Nonetheless, it was a year that tested the viability of some of the biggest names and crafty startups alike. Whether electric or gas-powered, the industry was a lion’s den that did not discriminate; however, looking back, I found that these companies proved themselves to be the best and worst this year.

A BYD electric car store is seen inside China’s first new energy vehicle block in Shanghai, China, December 19, 2024.

CFOTO/Getty Images

BYD was THE EV brand to beat in 2024:

If this year in EVs were like one big Formula 1 Grand Prix race, BYD  (BYDDY)  would be like Max Verstappen, the driver in pole position who drove far past the competition and lapped them. If they were a baseball player, they’d be like Shohei Ohtani, dominating both in the batter’s box and on the mound. 

The Chinese automaker, whose name literally stands for “Build Your Dreams,” is dominating its competition. BYD became the auto industry’s worst nightmare, becoming the pound-for-pound champion in the EV revolution. Its rise sent the world’s automakers scrambling.

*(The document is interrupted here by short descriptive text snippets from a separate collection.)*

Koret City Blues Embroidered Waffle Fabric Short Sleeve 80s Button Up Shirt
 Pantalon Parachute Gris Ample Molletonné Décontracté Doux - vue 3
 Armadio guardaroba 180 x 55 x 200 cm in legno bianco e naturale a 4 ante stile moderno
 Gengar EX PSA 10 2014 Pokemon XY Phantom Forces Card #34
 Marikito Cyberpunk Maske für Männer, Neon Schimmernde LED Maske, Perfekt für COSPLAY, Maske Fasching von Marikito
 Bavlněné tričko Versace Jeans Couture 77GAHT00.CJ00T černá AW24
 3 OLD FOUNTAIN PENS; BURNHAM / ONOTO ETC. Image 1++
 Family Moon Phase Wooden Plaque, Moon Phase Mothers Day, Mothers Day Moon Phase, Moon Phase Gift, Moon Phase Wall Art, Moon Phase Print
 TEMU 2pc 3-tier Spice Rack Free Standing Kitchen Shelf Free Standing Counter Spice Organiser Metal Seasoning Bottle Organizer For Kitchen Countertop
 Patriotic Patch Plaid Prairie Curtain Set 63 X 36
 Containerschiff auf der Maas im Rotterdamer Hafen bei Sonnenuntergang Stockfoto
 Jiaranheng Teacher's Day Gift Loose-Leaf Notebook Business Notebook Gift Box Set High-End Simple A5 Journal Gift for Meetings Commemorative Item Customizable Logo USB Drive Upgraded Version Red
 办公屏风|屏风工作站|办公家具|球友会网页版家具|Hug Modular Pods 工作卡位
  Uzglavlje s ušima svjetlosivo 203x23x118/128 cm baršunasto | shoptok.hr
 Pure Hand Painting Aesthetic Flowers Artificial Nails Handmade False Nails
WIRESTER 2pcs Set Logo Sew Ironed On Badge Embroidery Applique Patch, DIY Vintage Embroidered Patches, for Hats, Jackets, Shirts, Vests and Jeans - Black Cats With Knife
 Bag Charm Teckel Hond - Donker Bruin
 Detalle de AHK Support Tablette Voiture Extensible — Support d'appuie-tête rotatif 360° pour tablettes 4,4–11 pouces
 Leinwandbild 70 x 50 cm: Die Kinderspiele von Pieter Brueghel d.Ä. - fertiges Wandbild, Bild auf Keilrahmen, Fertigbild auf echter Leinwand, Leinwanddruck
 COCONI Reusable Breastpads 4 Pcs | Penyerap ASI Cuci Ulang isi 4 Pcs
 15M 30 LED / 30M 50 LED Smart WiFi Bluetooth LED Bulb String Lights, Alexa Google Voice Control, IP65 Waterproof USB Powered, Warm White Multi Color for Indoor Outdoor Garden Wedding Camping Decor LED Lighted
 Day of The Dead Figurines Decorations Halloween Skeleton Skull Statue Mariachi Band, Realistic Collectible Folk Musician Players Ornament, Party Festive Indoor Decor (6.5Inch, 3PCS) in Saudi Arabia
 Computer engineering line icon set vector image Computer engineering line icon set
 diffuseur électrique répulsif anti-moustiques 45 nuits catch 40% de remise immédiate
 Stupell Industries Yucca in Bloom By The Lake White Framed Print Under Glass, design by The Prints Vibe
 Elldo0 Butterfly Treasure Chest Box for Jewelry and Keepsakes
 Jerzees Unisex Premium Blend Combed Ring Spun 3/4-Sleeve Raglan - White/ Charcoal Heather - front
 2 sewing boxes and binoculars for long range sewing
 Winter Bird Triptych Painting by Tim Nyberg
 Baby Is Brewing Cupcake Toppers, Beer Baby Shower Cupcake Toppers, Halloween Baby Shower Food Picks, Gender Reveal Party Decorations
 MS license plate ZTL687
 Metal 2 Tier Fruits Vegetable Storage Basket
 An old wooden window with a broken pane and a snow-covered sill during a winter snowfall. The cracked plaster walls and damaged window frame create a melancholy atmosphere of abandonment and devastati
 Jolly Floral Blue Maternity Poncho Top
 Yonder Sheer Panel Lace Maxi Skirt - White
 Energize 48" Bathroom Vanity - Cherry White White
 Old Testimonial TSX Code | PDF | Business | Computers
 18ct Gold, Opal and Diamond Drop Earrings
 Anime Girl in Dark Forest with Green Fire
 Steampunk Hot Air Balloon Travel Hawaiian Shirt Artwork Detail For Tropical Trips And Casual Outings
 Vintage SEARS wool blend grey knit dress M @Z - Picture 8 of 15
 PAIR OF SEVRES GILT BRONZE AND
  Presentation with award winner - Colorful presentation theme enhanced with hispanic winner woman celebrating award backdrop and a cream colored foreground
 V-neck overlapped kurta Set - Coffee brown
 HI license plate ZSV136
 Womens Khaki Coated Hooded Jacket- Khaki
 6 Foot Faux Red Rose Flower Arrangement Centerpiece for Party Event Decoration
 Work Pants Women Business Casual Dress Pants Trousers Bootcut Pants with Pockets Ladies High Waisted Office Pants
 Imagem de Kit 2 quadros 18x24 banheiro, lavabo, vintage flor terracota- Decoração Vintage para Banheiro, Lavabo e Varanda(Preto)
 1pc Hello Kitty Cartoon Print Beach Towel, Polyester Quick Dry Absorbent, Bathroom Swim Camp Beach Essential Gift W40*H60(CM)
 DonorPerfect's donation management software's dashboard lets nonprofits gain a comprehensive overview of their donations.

First, BYD’s use of in-house vertical integration is a watershed moment in manufacturing. Unlike rivals who play by the rules of the auto establishment and rely on batteries from partners like LG or Panasonic and electric motors and assemblies from Bosch, BYD does it all and profits from it.

As a result, its cars are cheaper, and its supply chains have no weak links, allowing for a level of production capacity that would make Henry Ford drool. 

Additionally, making cheaper cars allows them to beat the price game. BYD isn’t just producing run-of-the-mill EVs; it’s producing affordable, desirable, high-quality machines that make Tesla’s Model 3 and Y look overpriced. 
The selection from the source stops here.